§ **Exercise**
Without including any images, please transcribe all the lines below exactly.

Stored data
******

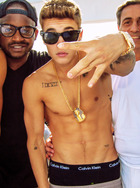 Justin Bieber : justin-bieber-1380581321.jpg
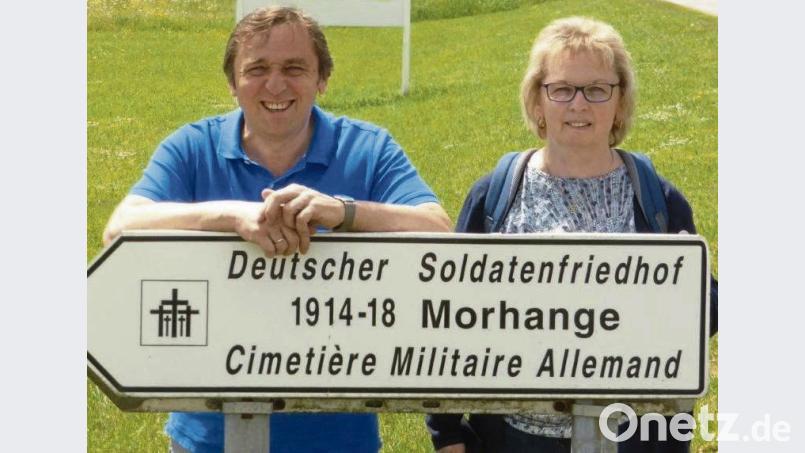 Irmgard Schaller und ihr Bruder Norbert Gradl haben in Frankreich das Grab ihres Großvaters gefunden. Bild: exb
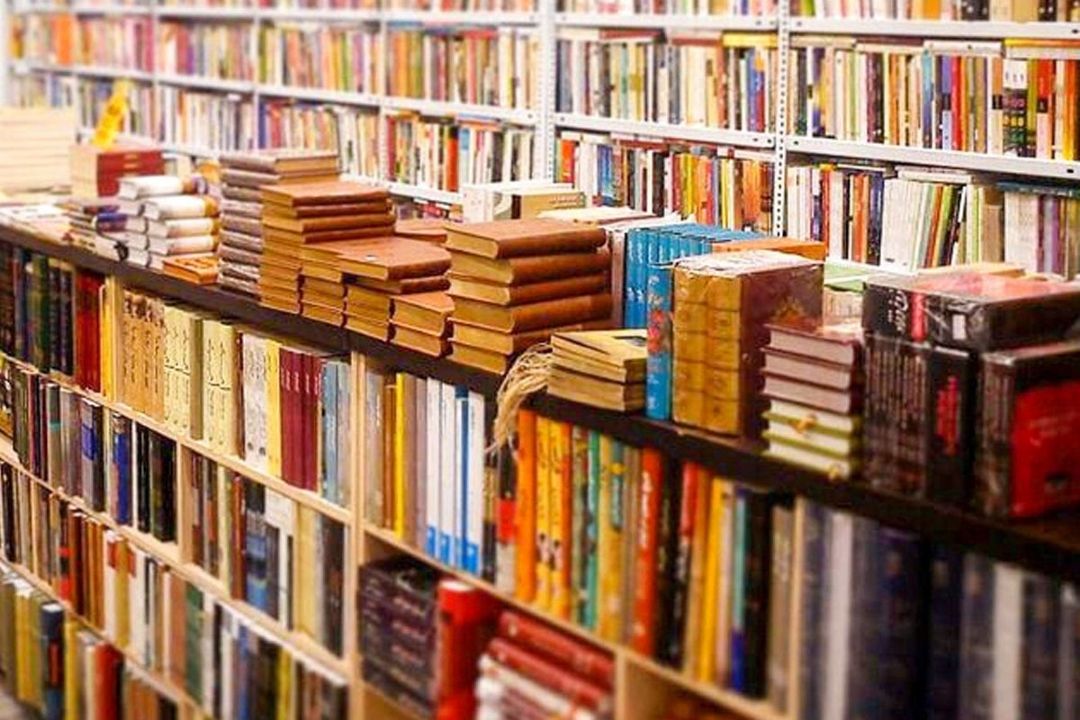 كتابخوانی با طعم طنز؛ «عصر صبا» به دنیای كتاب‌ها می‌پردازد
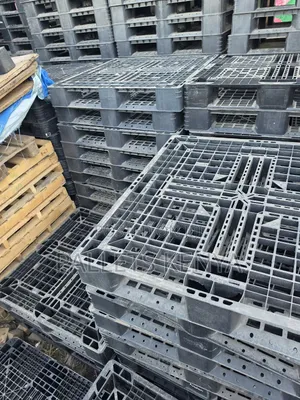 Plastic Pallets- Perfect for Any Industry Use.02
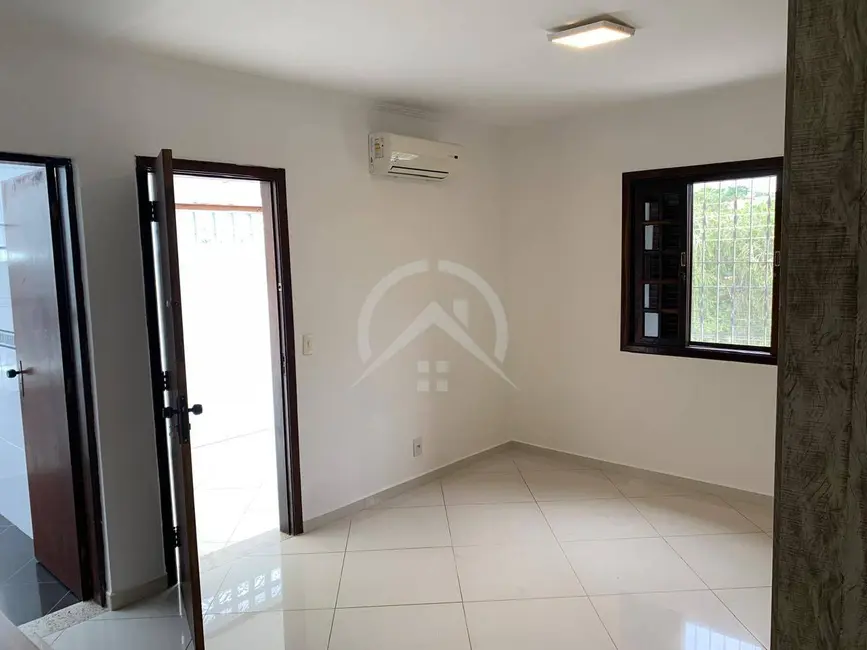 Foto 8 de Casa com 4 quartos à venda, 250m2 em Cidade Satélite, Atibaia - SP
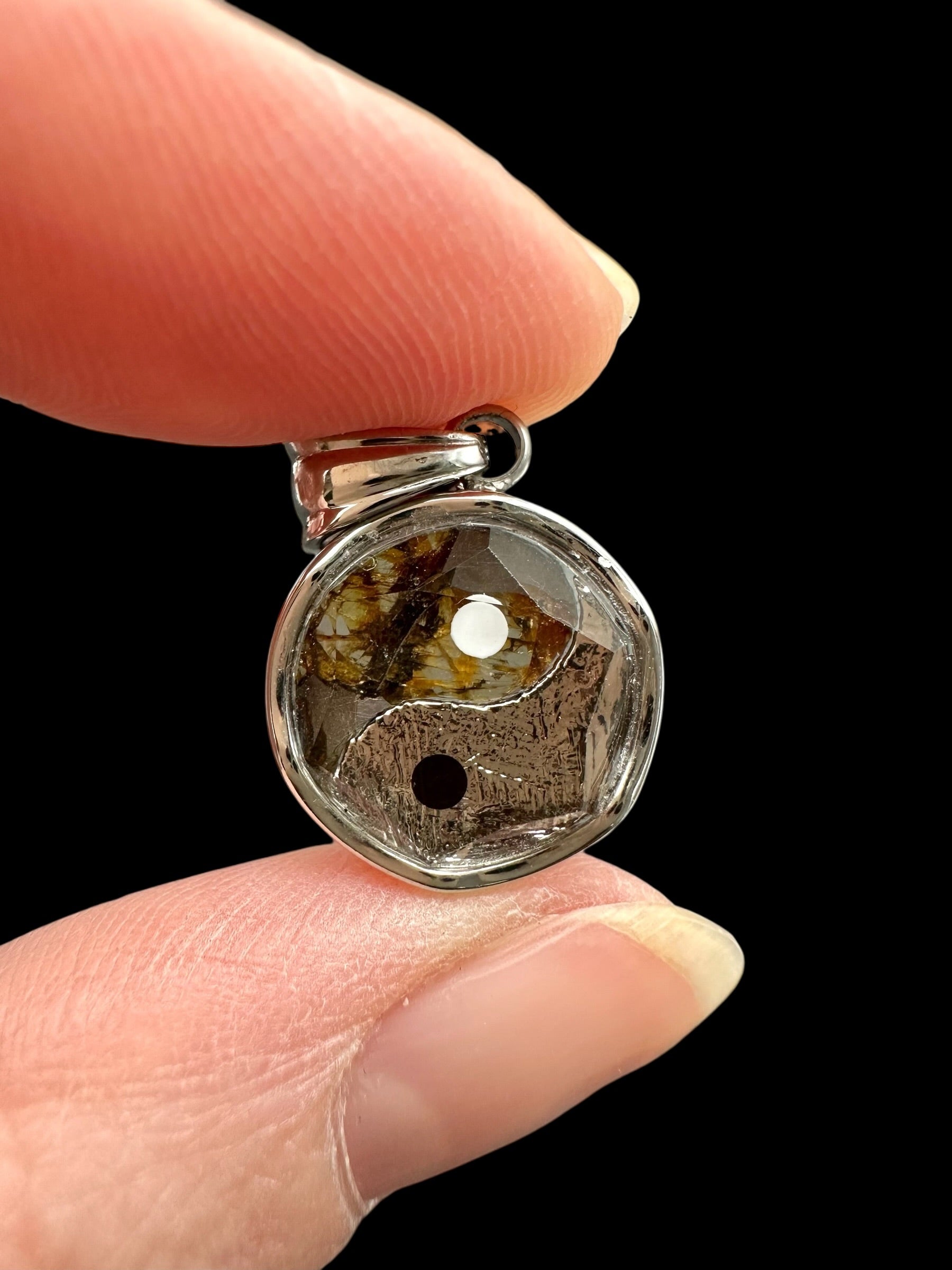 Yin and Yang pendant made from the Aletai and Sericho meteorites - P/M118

******

§ **Answer box**
 Justin Bieber : justin-bieber-1380581321.jpg
 Irmgard Schaller und ihr Bruder Norbert Gradl haben in Frankreich das Grab ihres Großvaters gefunden. Bild: exb
 كتابخوانی با طعم طنز؛ «عصر صبا» به دنیای كتاب‌ها می‌پردازد
 Plastic Pallets- Perfect for Any Industry Use.02
 Foto 8 de Casa com 4 quartos à venda, 250m2 em Cidade Satélite, Atibaia - SP
 Yin and Yang pendant made from the Aletai and Sericho meteorites - P/M118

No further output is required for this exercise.